Web page caption snippets:
- Opening Delimiter -
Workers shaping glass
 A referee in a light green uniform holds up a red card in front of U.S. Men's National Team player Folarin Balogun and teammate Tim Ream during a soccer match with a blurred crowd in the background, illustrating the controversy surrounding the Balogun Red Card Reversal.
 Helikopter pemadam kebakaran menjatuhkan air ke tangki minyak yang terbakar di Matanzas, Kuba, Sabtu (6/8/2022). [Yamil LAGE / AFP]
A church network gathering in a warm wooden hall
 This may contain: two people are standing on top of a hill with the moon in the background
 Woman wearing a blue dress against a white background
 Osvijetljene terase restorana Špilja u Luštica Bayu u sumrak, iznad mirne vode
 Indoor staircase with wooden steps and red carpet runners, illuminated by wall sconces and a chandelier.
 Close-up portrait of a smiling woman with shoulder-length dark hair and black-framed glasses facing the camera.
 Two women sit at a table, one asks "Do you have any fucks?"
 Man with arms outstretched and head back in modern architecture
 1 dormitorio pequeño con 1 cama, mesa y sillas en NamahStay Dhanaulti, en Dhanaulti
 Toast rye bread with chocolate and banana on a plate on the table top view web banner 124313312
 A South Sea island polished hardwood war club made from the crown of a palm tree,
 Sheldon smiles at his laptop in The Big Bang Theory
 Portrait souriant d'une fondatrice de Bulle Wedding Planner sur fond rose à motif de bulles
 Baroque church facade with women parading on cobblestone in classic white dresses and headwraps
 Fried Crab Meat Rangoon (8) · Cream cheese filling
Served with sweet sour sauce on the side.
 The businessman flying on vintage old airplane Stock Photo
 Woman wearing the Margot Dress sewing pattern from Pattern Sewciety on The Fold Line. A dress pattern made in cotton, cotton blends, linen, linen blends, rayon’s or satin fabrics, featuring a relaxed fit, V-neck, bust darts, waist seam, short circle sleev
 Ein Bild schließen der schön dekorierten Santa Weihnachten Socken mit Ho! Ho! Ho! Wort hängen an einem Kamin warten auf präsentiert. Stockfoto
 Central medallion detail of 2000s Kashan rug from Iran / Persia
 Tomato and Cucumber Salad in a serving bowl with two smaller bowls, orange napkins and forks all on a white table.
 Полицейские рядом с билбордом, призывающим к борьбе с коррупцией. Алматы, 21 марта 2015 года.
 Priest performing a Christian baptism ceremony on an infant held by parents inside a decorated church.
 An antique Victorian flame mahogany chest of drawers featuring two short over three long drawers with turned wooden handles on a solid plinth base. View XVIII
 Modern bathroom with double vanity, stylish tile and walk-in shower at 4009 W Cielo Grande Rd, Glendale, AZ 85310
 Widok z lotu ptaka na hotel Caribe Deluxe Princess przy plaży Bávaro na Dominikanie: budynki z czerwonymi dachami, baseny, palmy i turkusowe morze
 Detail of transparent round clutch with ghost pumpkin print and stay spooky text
- Closing Delimiter -
* BRIEF: Return only the lines running from the line with "Ein Bild schließen" to the last line of the records, both included, exactly as written.

* SOLUTION FOR THIS TASK:
 Ein Bild schließen der schön dekorierten Santa Weihnachten Socken mit Ho! Ho! Ho! Wort hängen an einem Kamin warten auf präsentiert. Stockfoto
 Central medallion detail of 2000s Kashan rug from Iran / Persia
 Tomato and Cucumber Salad in a serving bowl with two smaller bowls, orange napkins and forks all on a white table.
 Полицейские рядом с билбордом, призывающим к борьбе с коррупцией. Алматы, 21 марта 2015 года.
 Priest performing a Christian baptism ceremony on an infant held by parents inside a decorated church.
 An antique Victorian flame mahogany chest of drawers featuring two short over three long drawers with turned wooden handles on a solid plinth base. View XVIII
 Modern bathroom with double vanity, stylish tile and walk-in shower at 4009 W Cielo Grande Rd, Glendale, AZ 85310
 Widok z lotu ptaka na hotel Caribe Deluxe Princess przy plaży Bávaro na Dominikanie: budynki z czerwonymi dachami, baseny, palmy i turkusowe morze
 Detail of transparent round clutch with ghost pumpkin print and stay spooky text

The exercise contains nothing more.